EXTRACTED RECORDS START

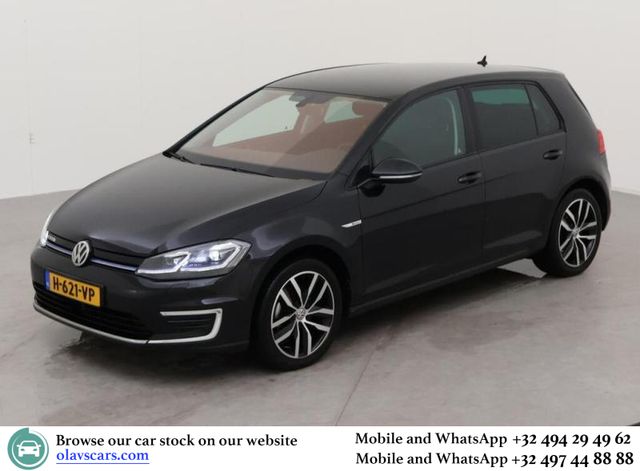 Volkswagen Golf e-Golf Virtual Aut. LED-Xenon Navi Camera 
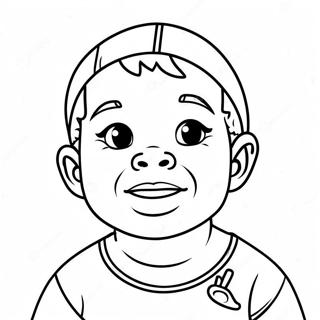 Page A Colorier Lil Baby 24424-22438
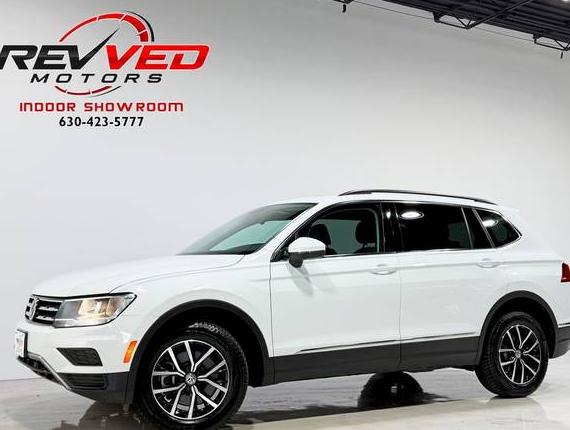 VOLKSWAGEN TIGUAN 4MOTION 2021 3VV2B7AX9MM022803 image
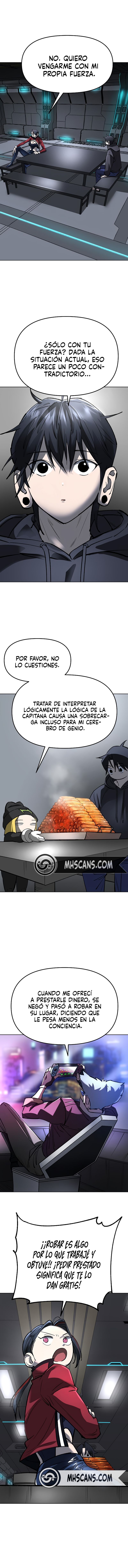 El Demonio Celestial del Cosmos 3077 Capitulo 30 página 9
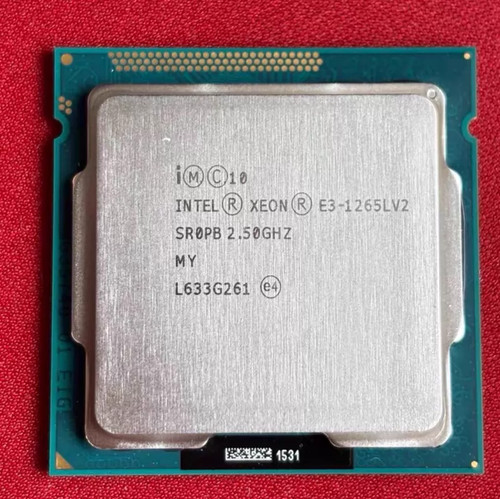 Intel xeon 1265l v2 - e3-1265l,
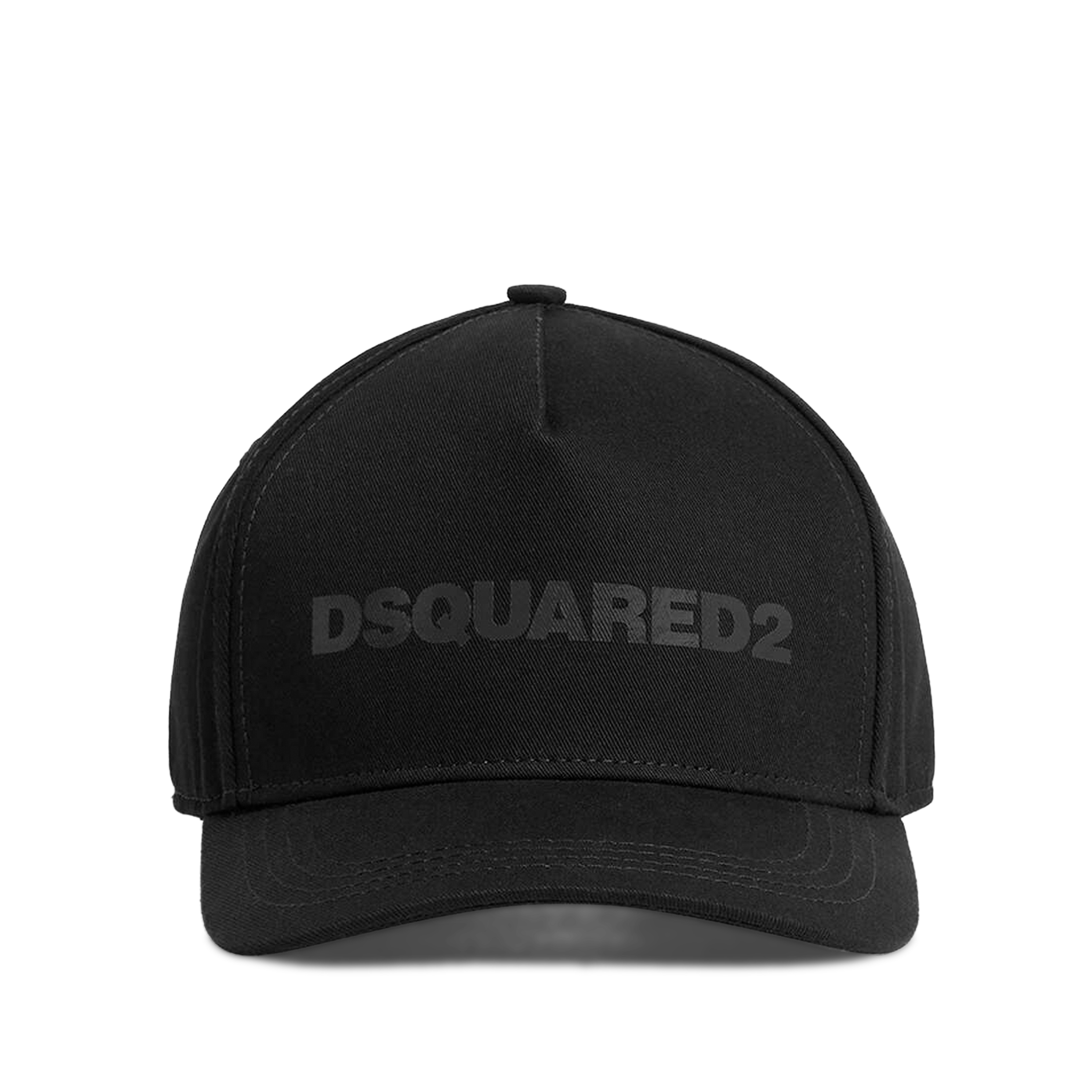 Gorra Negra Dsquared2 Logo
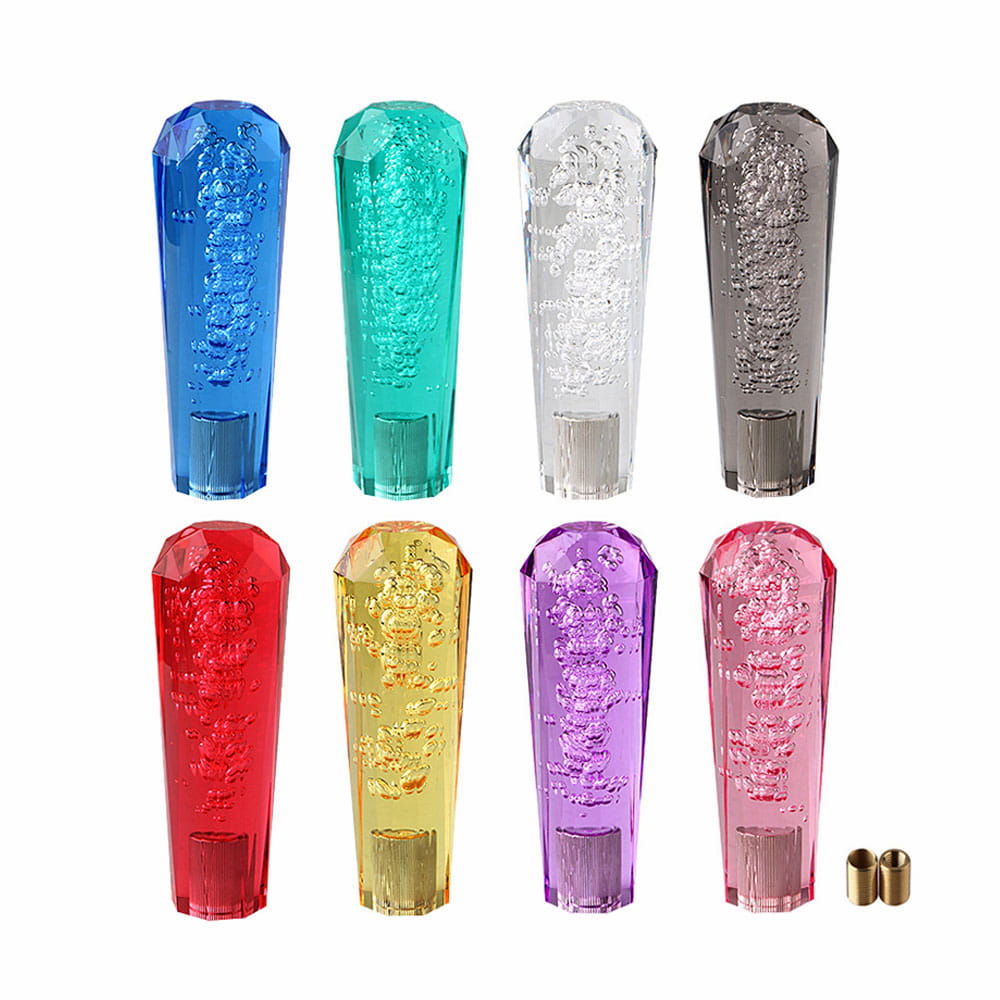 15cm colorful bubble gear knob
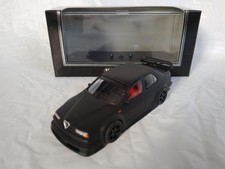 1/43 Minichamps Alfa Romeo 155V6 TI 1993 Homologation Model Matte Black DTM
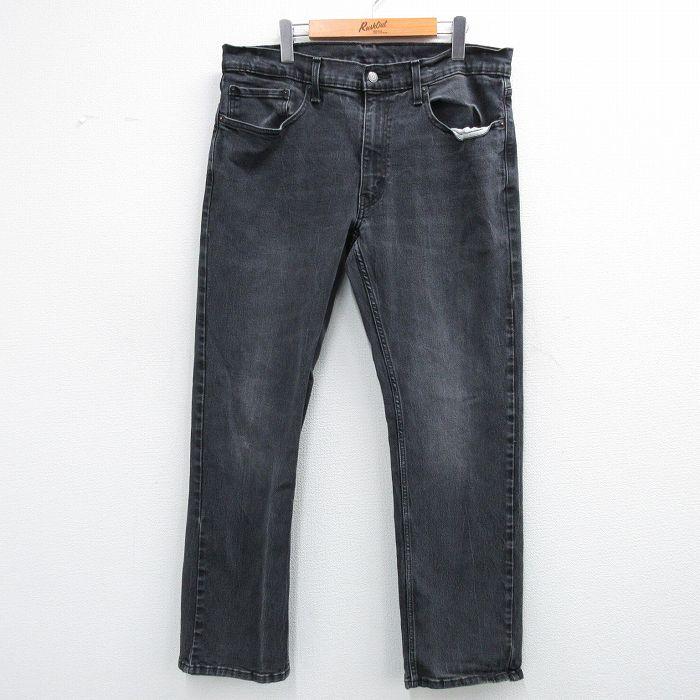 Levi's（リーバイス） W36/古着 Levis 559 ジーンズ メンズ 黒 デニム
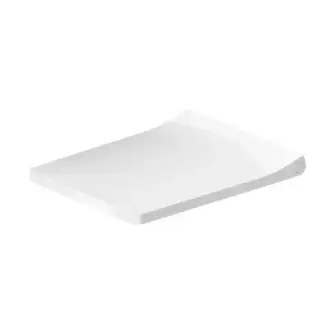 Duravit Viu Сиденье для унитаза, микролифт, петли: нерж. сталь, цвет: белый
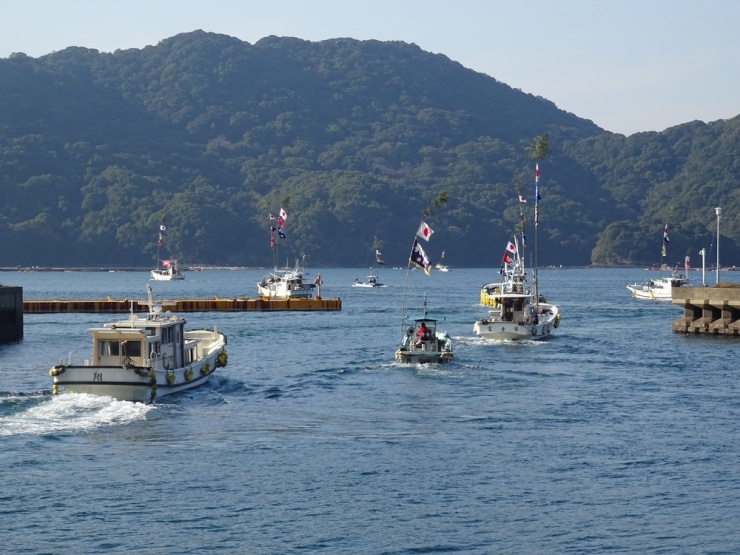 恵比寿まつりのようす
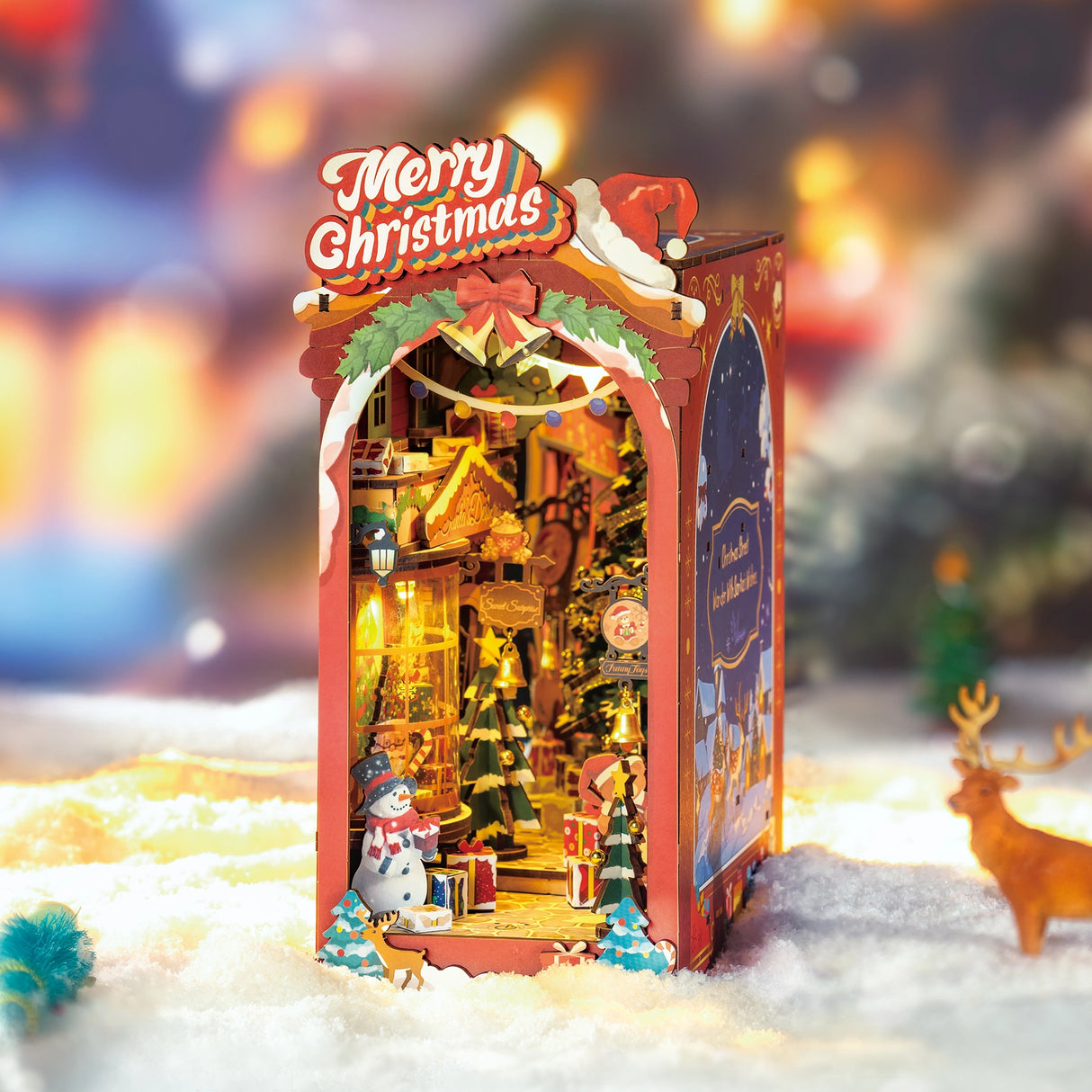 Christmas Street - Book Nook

EXTRACTED RECORDS END

WORK TASK
Beginning with the line that contains "VOLKSWAGEN TIGUAN 4MOTION" and ending with the last line of the data, transcribe each line exactly; pictures stay out.

FINISHED EXERCISE
 VOLKSWAGEN TIGUAN 4MOTION 2021 3VV2B7AX9MM022803 image
 El Demonio Celestial del Cosmos 3077 Capitulo 30 página 9
 Intel xeon 1265l v2 - e3-1265l,
 Gorra Negra Dsquared2 Logo
 15cm colorful bubble gear knob
 1/43 Minichamps Alfa Romeo 155V6 TI 1993 Homologation Model Matte Black DTM
 Levi's（リーバイス） W36/古着 Levis 559 ジーンズ メンズ 黒 デニム
 Duravit Viu Сиденье для унитаза, микролифт, петли: нерж. сталь, цвет: белый
 恵比寿まつりのようす
 Christmas Street - Book Nook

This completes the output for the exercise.